Dataset extract:
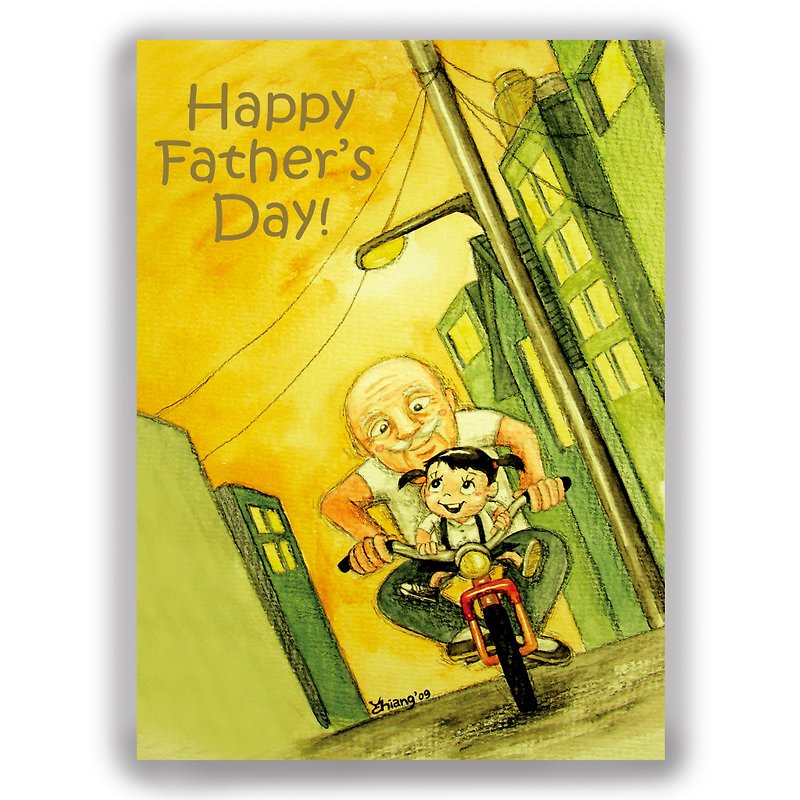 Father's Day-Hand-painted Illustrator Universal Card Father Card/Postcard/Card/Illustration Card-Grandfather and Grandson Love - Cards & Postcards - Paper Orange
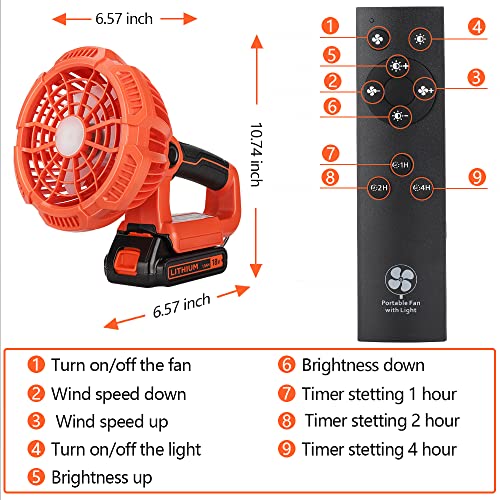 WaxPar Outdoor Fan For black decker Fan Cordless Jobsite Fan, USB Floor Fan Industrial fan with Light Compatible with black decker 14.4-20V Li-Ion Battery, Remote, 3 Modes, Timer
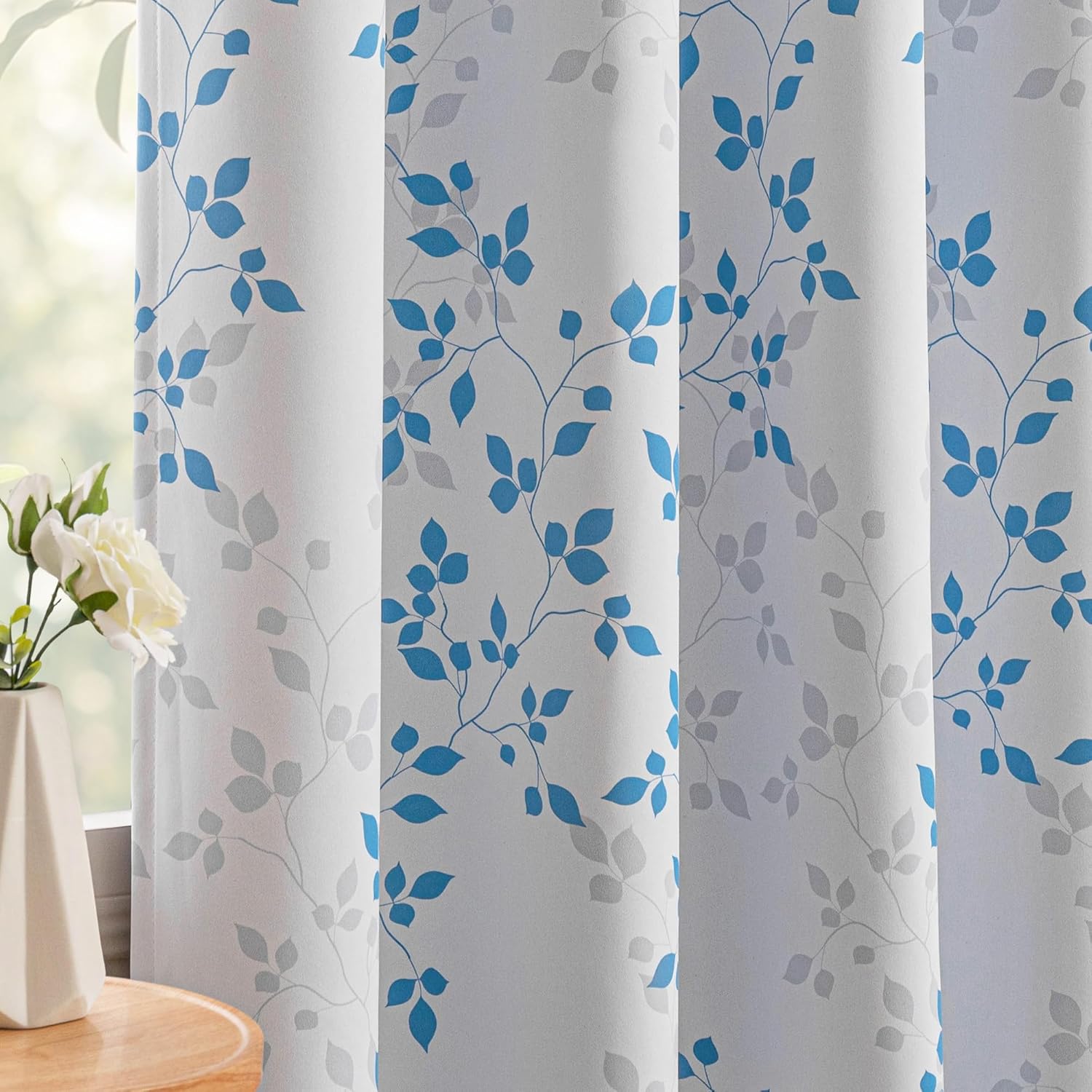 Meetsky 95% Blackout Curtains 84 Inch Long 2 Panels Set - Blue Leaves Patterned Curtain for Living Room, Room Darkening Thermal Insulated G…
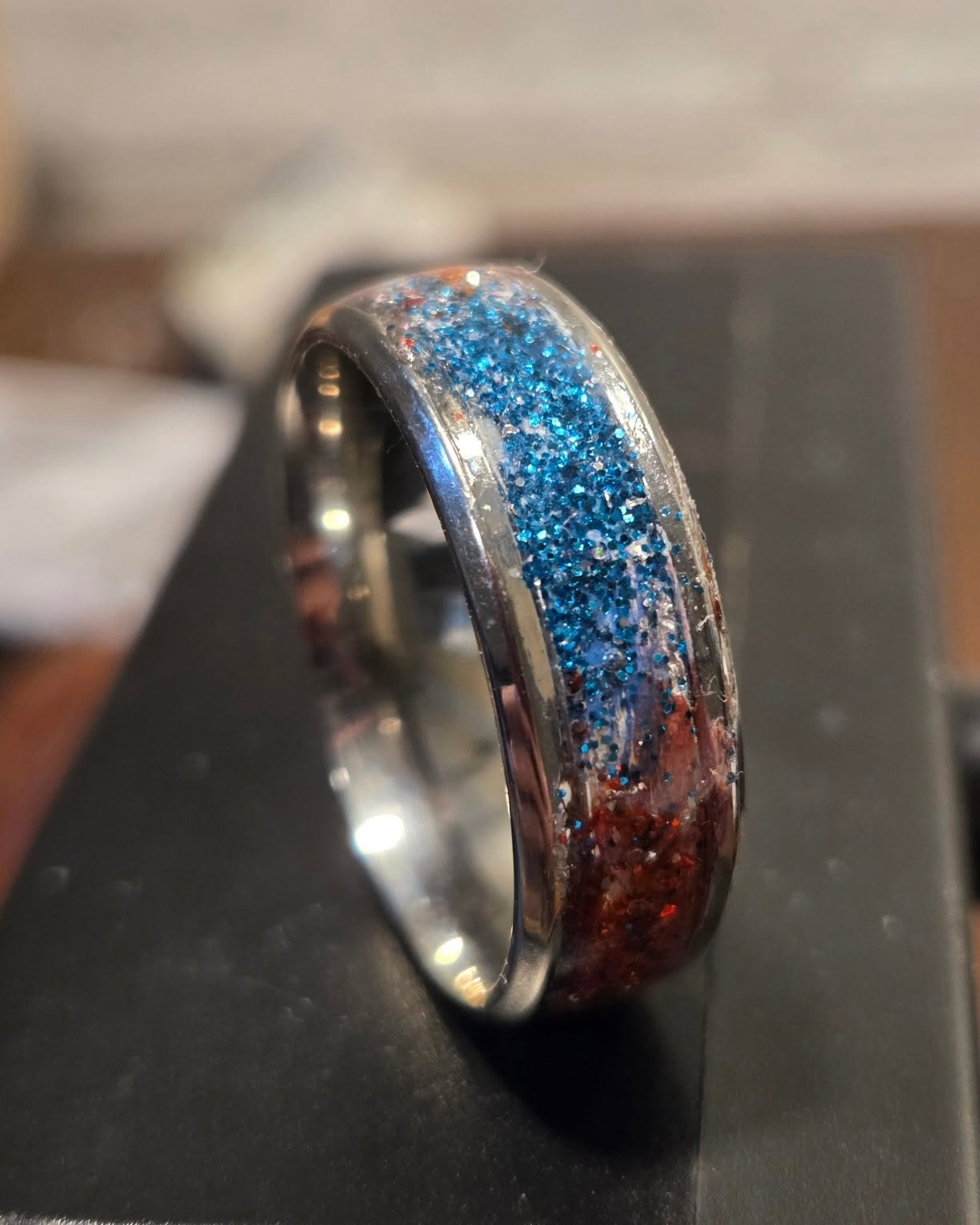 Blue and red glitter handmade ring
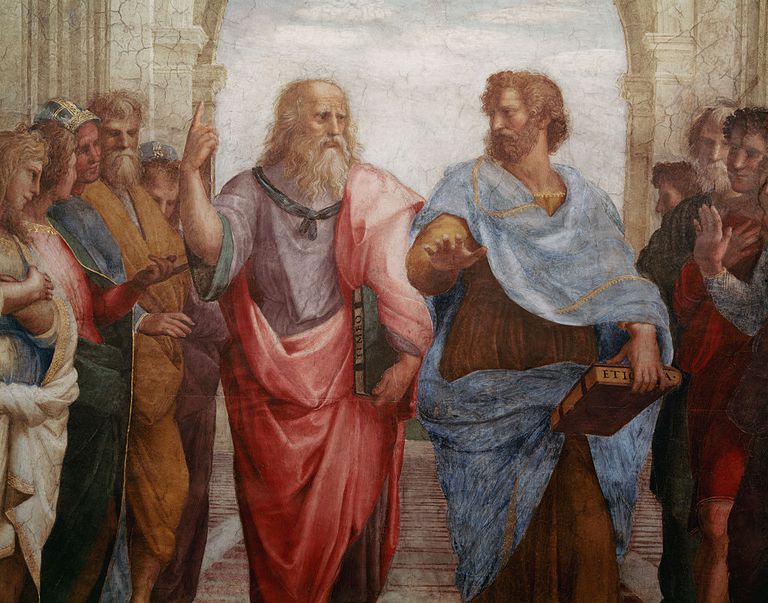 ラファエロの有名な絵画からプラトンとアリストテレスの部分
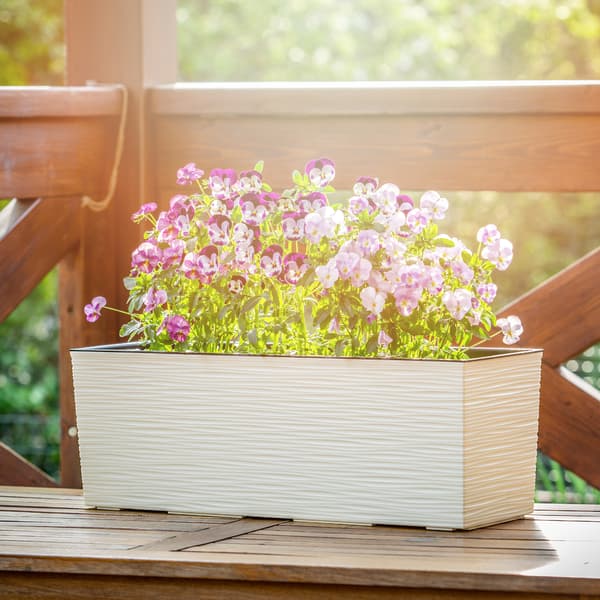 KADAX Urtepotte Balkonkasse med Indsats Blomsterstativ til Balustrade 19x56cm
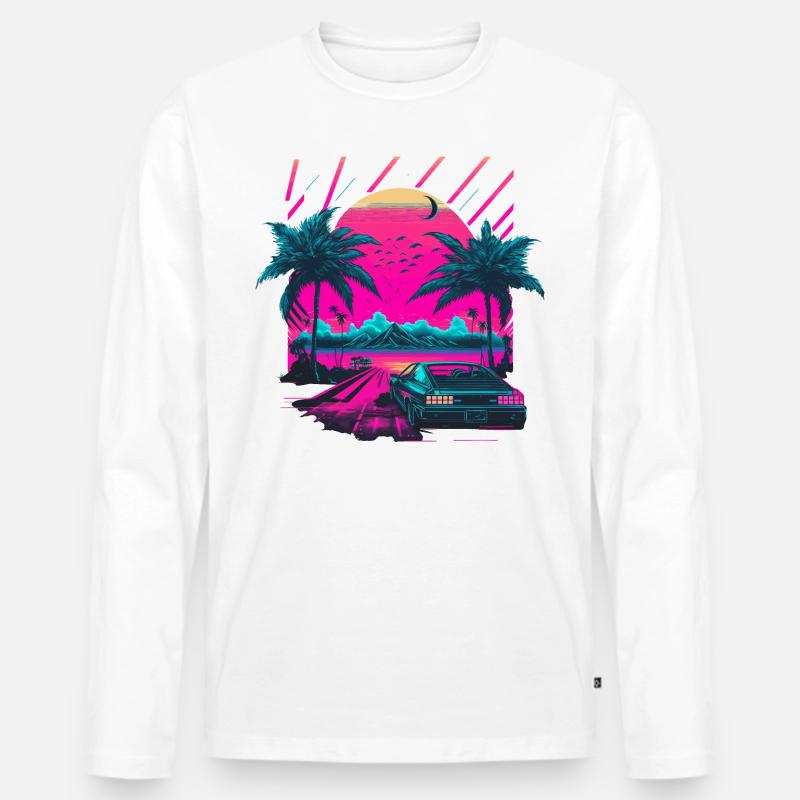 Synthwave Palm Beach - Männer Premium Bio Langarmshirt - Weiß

Assignment:
Reproduce everything above exactly, images excluded.

Answer box:
 Father's Day-Hand-painted Illustrator Universal Card Father Card/Postcard/Card/Illustration Card-Grandfather and Grandson Love - Cards & Postcards - Paper Orange
 WaxPar Outdoor Fan For black decker Fan Cordless Jobsite Fan, USB Floor Fan Industrial fan with Light Compatible with black decker 14.4-20V Li-Ion Battery, Remote, 3 Modes, Timer
 Meetsky 95% Blackout Curtains 84 Inch Long 2 Panels Set - Blue Leaves Patterned Curtain for Living Room, Room Darkening Thermal Insulated G…
 Blue and red glitter handmade ring
 ラファエロの有名な絵画からプラトンとアリストテレスの部分
 KADAX Urtepotte Balkonkasse med Indsats Blomsterstativ til Balustrade 19x56cm
 Synthwave Palm Beach - Männer Premium Bio Langarmshirt - Weiß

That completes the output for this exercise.